In such an environment, what else is a person to do other than to wage war on themselves?

Such self-disowning and self-estrangement come at a price, however.

Many of Henri’s closest friends, colleagues, and family members attest to this, remembering him as a very complex person.

Not only was he generous, compassionate, kind, empathic, and wise—someone who had a tremendous capacity to truly see and witness other people and, as some considered him, a “saint”—but he was also known for being incredibly needy, neurotic, troubled, and deeply anguished.

He had this perpetual mistrust or anxiousness related to love, somewhat compulsively needing (and at times, demanding) reassurance or consolation of other people’s love for him.

Perhaps Tara Brach, the writer on spirituality and psychology, was right when she wrote: “The belief that we are deficient and unworthy makes it difficult to trust that we are truly loved.”[2]

Nevertheless, Nouwen slowly came to discern that the root of one’s spiritual and psychological suffering is not so much the stimulus as it is the response to the stimulus. This is to say, his anguish was less related to his particular homosexual human condition and more related to his particular response to his homosexual human condition.

For Henri, because sexual feelings touch the core of a person, to live in resistance to them, to deny or pretend they do not exist, was akin to severing oneself from their very heart and to mutilate their inner world.

Henri wrote in an article about homosexuality and pastoral care, one of the few places we see him write explicitly about the topic, that:

Man cannot deny without harm his most essential feelings. Homosexual just as heterosexual feelings touch the core of a man's internal life, and he who pretends not to have them is like a man who pretends to be able to live without a heart.[3]

This seemed to indicate a critical shift in Henri’s perspective.

While at one point he feared his human condition (and its sexuality) was a barrier to his intimacy with God and the security of God’s love, something to be “repaired” or “fixed” or “overcome” - over time, he eventually came to realize his human condition was perhaps the precise place (and the only place) of the union with God and the reception of the love and belonging that he so longed for.

Henri wrote:

The gospel makes it overwhelmingly clear that Christ came to reveal the real human condition and to challenge people to face it without fear. Christ does not judge feelings or emotions, He only asks people not to deny or distort them, but instead make them available for God’s love.[4]

Whether he liked it or not, Henri’s homosexual human condition was the only human condition he had. And in order to make his real human condition “available for God’s love” it would require the total acceptance of himself as he was.
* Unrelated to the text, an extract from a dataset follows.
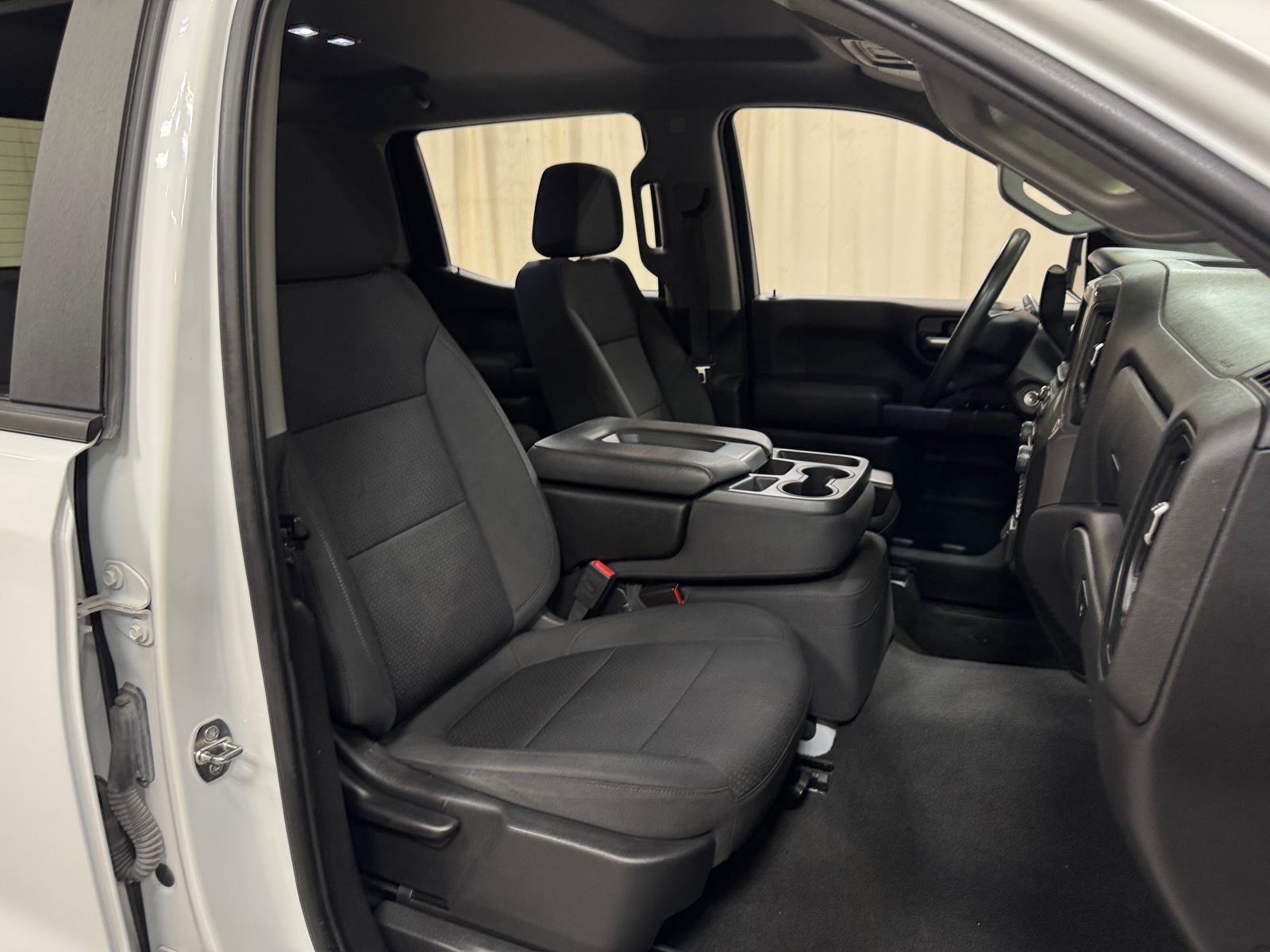 Thumbnail: 2021 Chevrolet Silverado 1500 - 2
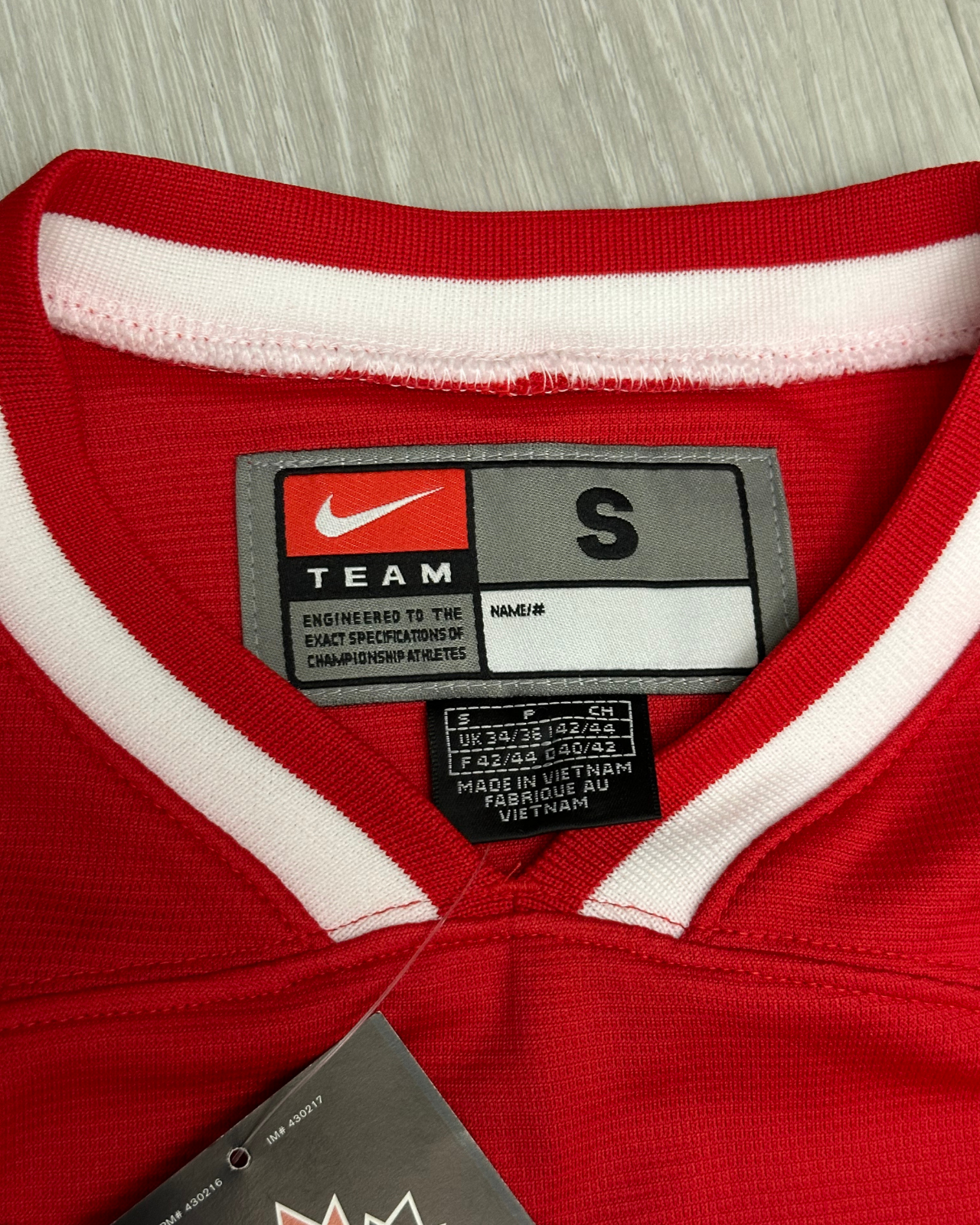 BNWT - '10 Nike Team Canada Olympics Hockey Jersey - Size S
Any effort to subvert, deny, distort, or evade himself would only inadvertently lead to his evading of God’s love and presence as well.

This idea is captured poignantly in the Orthodox Father Anthony Bloom’s saying which goes: “As long as we ourselves are real, as long as we are truly ourselves, God can be present and can do something with us. But the moment we try to be what we are not, there is nothing left to say or have; we become a fictitious personality, an unreal presence, and this unreal presence cannot be approached by God [or love].” [5]

Said in another way: to reject our human condition, whatever it may be, is to forfeit the only receptacle we have for love and belonging. Coming to an awareness that his human condition was not an obstacle to his desired union with God but rather his singular opportunity for it, marked a shift in his understanding of the spiritual life — a movement towards an increasingly mystical conception.

Mysticism, as defined by Bernard McGuinn, emeritus professor of Historical Theology and researcher of Christian mysticism, is “those elements in Christian belief and practice that concern the preparation for, the consciousness of, and the effects attendant upon a heightened awareness of God’s immediate and transformative presence.” [6]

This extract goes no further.